** Opening Dataset excerpt block **

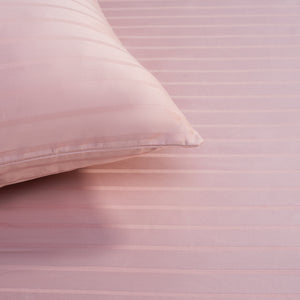 Pink Trimmed Cotton Fitted Sheet Set with Pillowcases - Handmade Stories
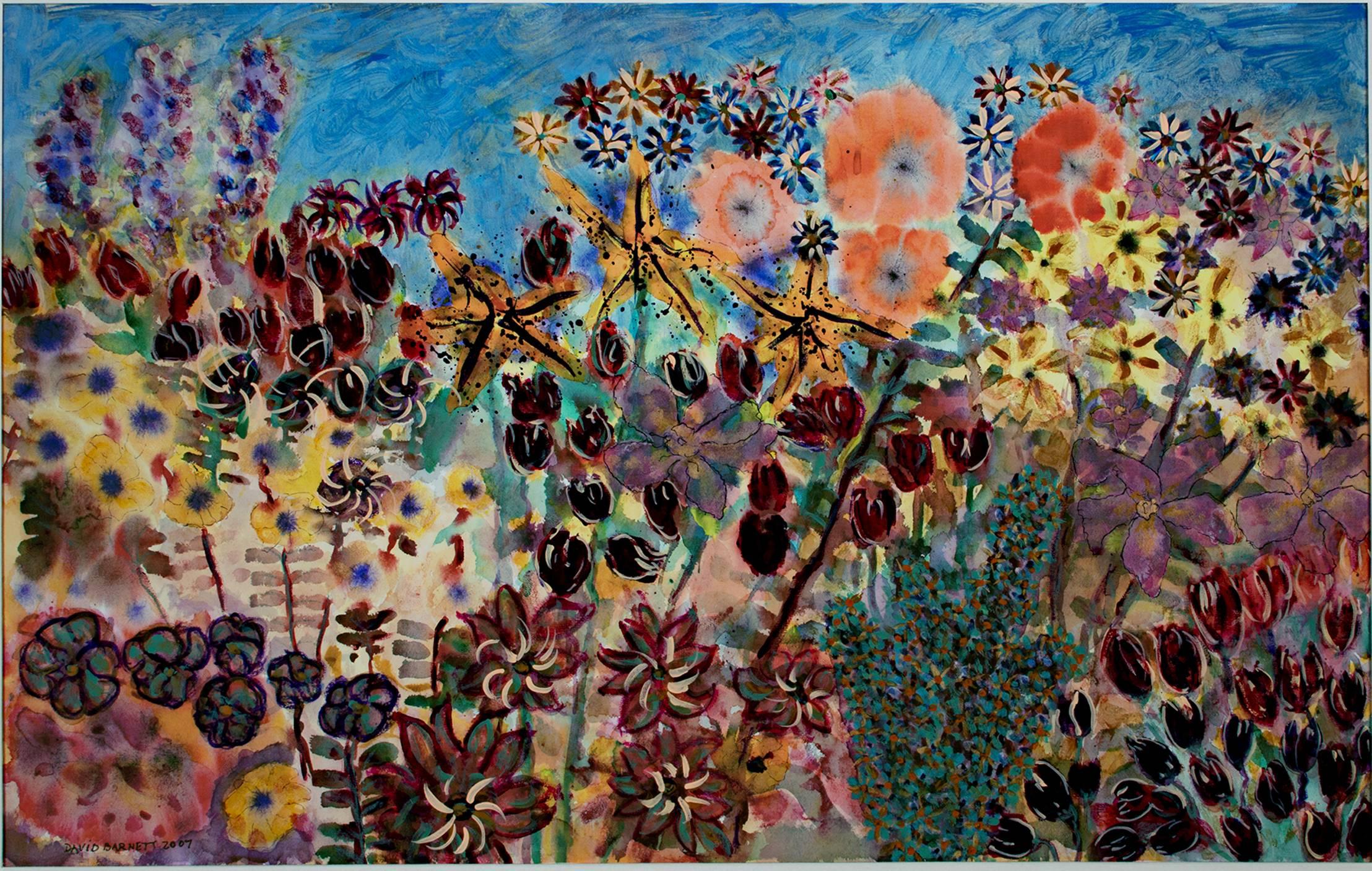 "Think Spring - Variation 1" is an original mixed media acrylic on canvas by David Barnett. The artist signed the piece in the lower right. This piece depicts a variety of flowers in front of a blue sky. 

24 1/4" x 38 1/4" art
33 1/4" x 47"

** Closing Dataset excerpt block **

→ What you have to do: Make a word-for-word repeat of the material, skipping all pictures.

→ Response to this exercise:
 Pink Trimmed Cotton Fitted Sheet Set with Pillowcases - Handmade Stories
 "Think Spring - Variation 1" is an original mixed media acrylic on canvas by David Barnett. The artist signed the piece in the lower right. This piece depicts a variety of flowers in front of a blue sky. 

24 1/4" x 38 1/4" art
33 1/4" x 47"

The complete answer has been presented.